*** Opening of STUDY MATERIAL ***

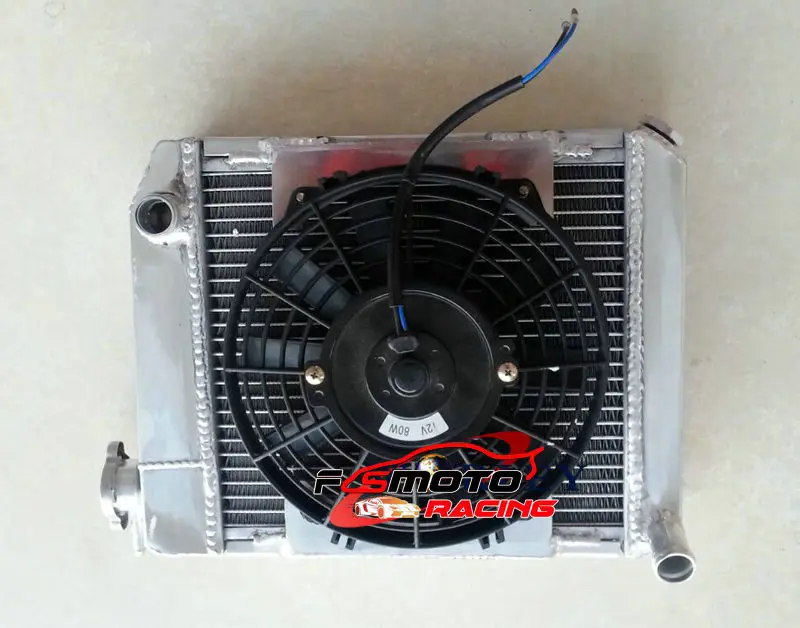 

50mm Aluminum Radiator + Fan For Austin Rover Mini 1275 GT 1959-1997 1996 1995 1994 1993 1992 1991 1990 1989 1988 1987 Manual MT
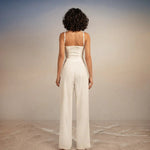 Celeste Marfil Crop Top - EVAMAIA
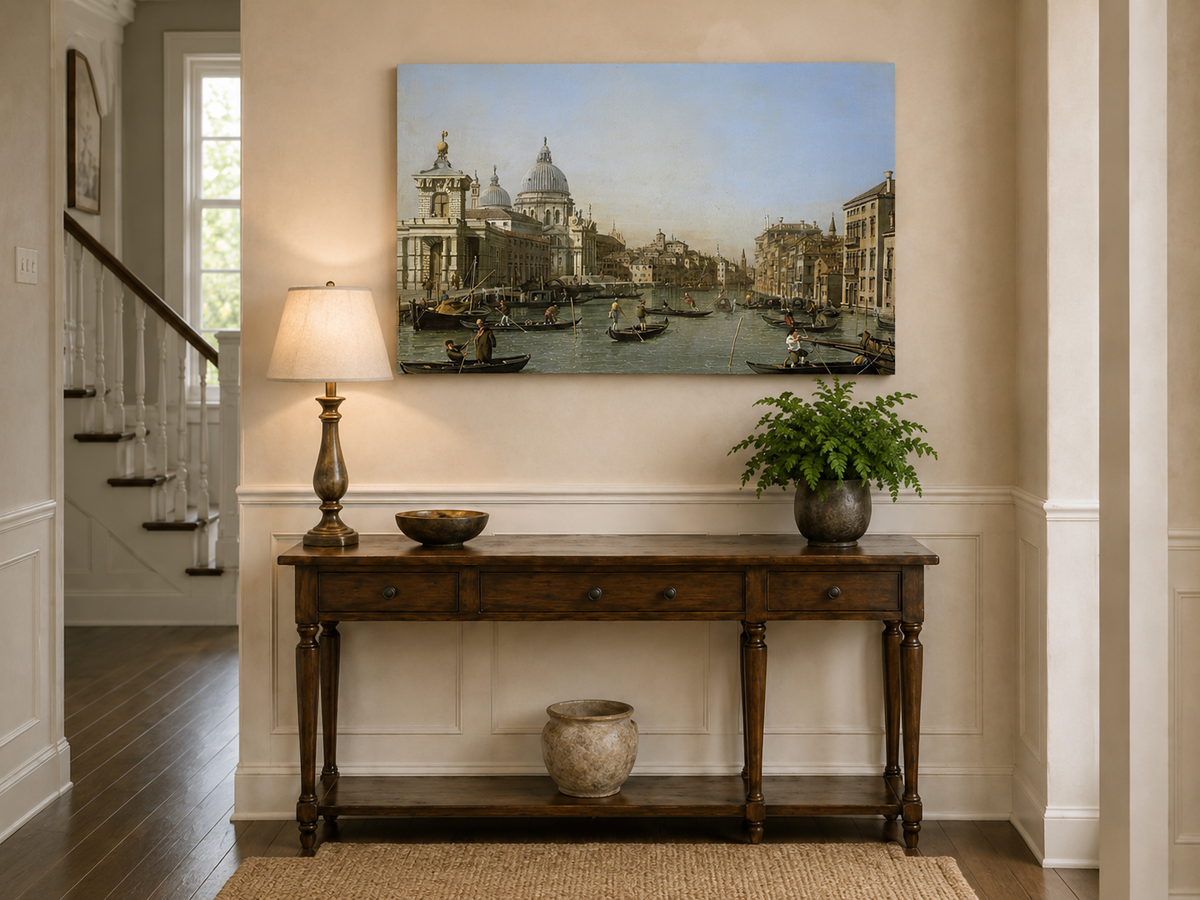 Landscape Oil Painting - Venice Grand Canal
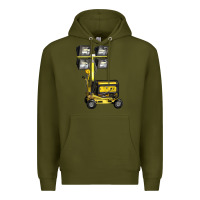 Army Green Towable Light Towers Premium Hoodie - LillyAllenDesigns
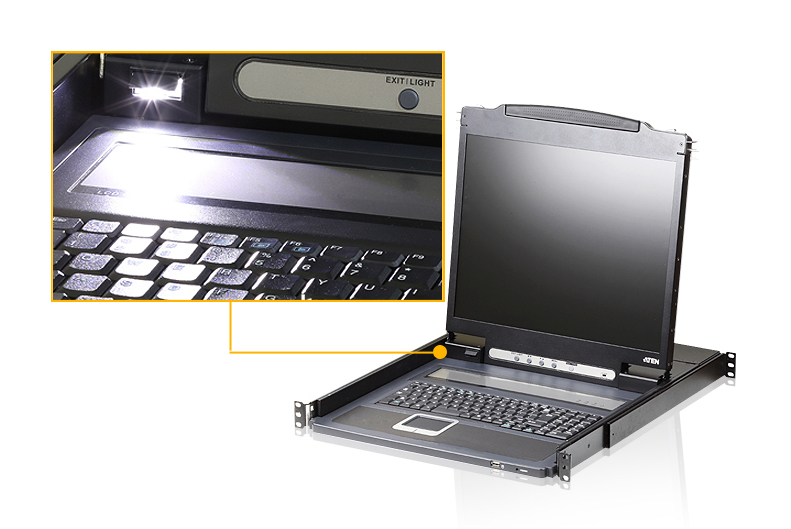 ATEN CL3000N console a rack 48,3 cm (19) 1280 x 1024 Pixel Alluminio Nero 1U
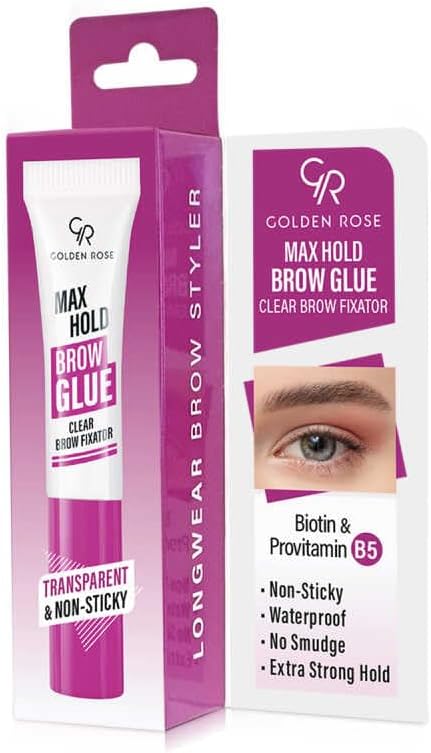 Golden Rose Max Hold Brow Glue - Şeffaf Kaş Sabitleyici Jel (Biotin & B5 İçerikli)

*** Close of STUDY MATERIAL ***

Only the lines from the one containing "Army Green Towable" through the end of the records above should be retyped, exactly as they stand, with any pictures left out.

 Army Green Towable Light Towers Premium Hoodie - LillyAllenDesigns
 ATEN CL3000N console a rack 48,3 cm (19) 1280 x 1024 Pixel Alluminio Nero 1U
 Golden Rose Max Hold Brow Glue - Şeffaf Kaş Sabitleyici Jel (Biotin & B5 İçerikli)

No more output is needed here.